Speed of Taliban’s assault on key cities exceeds Indian assessment
The speed of the Taliban’s assault on key cities in Afghanistan has exceeded an Indian assessment, with hundreds of fighters of the group engaging Afghan forces over the past week in a bid to capture provincial capitals such as Herat and Lashkargah.
According to the Indian assessment done last month, officials were expecting the Taliban to expand its sustained campaign of violence from rural areas to urban centres and provincial capitals by the end of August, when the US is set to complete the drawdown of its troops in Afghanistan.
The Indian side had also expected the Taliban to step up its offensive in more provinces by the end of the month, including Paktia, Ghazni, Helmand and Kandahar, the southern province which is of symbolic and historic importance to the group because it served as the Taliban headquarters in the 1990s.
However, the Taliban began its assault on Herat, the third-largest Afghan city and capital of the western province of the same name, and Lashkargah, capital of the key southwestern province of Helmand, late last month – much earlier than the Indian assessment, people familiar with developments said on condition of anonymity.
These attacks follow the Taliban’s campaign to capture a swathe of rural areas in order to strengthen its position before any possible negotiations, and to gain control of international border crossings with Iran, Turkmenistan, Tajikistan and Pakistan to maximise the collection of funds by extorting money from exporters.
Clashes began around Herat – located some 100km from the Islam Qala border crossing with Iran – almost a week ago and Afghan forces in the city have been bolstered by support from local militias and 75-year-old warlord Ismail Khan, whose group had fought alongside American forces to topple the Taliban in 2001.
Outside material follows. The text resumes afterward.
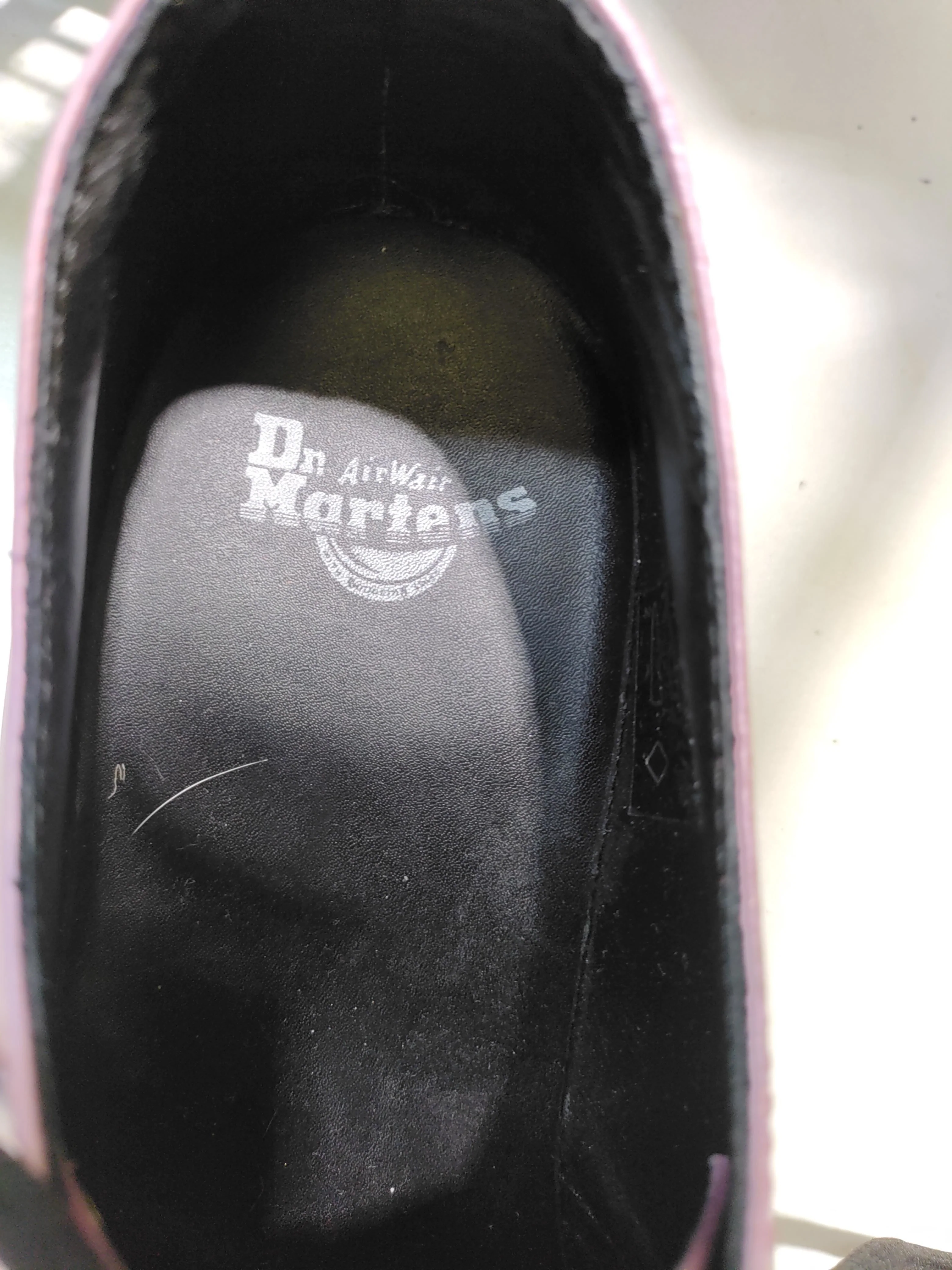 Dr. Martens Women's Flat Shoes UK 6 Pink 100% Other Loafer - Image 9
“If Herat doesn’t fall, this might become a turning point in the Afghan war,” Avinash Paliwal, associate professor in the department of politics and international studies at SOAS University, who closely tracks developments in Afghanistan, said in a tweet.
The situation in Lashkargah is more serious, with media reports stating that the Taliban had made inroads into the western city. Tolo News channel cited local residents as saying on Tuesday that heavy fighting had been going on since last night close to the city’s police headquarters, the provincial governor’s compound, the office of the National Directorate of Security (NDS) or the spy agency and a prison in the capital of Helmand province.
The local residents also said all other areas of Lashkargah are under the control of the Taliban and that air strikes were being carried out in many parts of the city.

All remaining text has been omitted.